Your objective:
Find the line that contains "0 0 -2 4 1 1". Then set down that line and all the lines after it, to the end of the records, exactly and with nothing added.

Data listing:
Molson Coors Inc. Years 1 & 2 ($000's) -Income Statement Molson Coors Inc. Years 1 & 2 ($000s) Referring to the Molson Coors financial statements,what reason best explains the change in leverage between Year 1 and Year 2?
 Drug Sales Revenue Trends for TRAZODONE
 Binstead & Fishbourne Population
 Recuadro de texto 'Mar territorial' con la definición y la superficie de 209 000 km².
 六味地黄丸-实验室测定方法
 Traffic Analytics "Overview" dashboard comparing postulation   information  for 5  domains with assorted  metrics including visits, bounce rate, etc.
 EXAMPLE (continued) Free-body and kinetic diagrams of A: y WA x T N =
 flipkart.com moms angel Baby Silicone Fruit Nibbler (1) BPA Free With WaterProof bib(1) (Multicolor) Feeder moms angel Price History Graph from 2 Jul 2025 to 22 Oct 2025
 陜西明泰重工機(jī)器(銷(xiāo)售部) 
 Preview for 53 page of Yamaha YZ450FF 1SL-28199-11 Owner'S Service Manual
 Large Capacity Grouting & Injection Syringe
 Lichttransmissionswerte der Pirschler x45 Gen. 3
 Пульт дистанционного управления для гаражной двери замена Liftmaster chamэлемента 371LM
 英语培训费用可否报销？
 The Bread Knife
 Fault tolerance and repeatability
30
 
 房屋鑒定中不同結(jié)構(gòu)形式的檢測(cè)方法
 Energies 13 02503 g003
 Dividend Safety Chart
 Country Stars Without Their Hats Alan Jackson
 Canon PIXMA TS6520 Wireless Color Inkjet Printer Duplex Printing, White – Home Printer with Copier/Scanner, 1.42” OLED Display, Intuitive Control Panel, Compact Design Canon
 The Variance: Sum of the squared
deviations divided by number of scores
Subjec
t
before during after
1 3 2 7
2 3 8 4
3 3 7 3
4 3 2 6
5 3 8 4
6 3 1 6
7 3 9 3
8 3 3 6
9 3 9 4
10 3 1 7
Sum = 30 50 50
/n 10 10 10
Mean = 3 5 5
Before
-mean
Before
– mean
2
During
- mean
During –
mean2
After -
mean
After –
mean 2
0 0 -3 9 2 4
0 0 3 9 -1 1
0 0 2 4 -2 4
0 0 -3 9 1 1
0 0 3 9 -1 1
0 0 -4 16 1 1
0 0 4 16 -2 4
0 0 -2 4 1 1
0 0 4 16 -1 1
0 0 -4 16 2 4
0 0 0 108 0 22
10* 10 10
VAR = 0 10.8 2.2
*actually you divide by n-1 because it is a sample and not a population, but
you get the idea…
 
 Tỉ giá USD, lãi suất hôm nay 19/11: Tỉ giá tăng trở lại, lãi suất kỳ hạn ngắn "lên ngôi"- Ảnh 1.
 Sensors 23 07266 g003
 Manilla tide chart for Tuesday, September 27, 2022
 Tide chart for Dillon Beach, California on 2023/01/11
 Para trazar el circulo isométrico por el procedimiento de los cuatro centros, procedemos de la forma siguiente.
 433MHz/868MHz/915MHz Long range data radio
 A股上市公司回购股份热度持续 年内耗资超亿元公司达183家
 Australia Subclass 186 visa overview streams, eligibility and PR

Your solution:
0 0 -2 4 1 1
0 0 4 16 -1 1
0 0 -4 16 2 4
0 0 0 108 0 22
10* 10 10
VAR = 0 10.8 2.2
*actually you divide by n-1 because it is a sample and not a population, but
you get the idea…
 
 Tỉ giá USD, lãi suất hôm nay 19/11: Tỉ giá tăng trở lại, lãi suất kỳ hạn ngắn "lên ngôi"- Ảnh 1.
 Sensors 23 07266 g003
 Manilla tide chart for Tuesday, September 27, 2022
 Tide chart for Dillon Beach, California on 2023/01/11
 Para trazar el circulo isométrico por el procedimiento de los cuatro centros, procedemos de la forma siguiente.
 433MHz/868MHz/915MHz Long range data radio
 A股上市公司回购股份热度持续 年内耗资超亿元公司达183家
 Australia Subclass 186 visa overview streams, eligibility and PR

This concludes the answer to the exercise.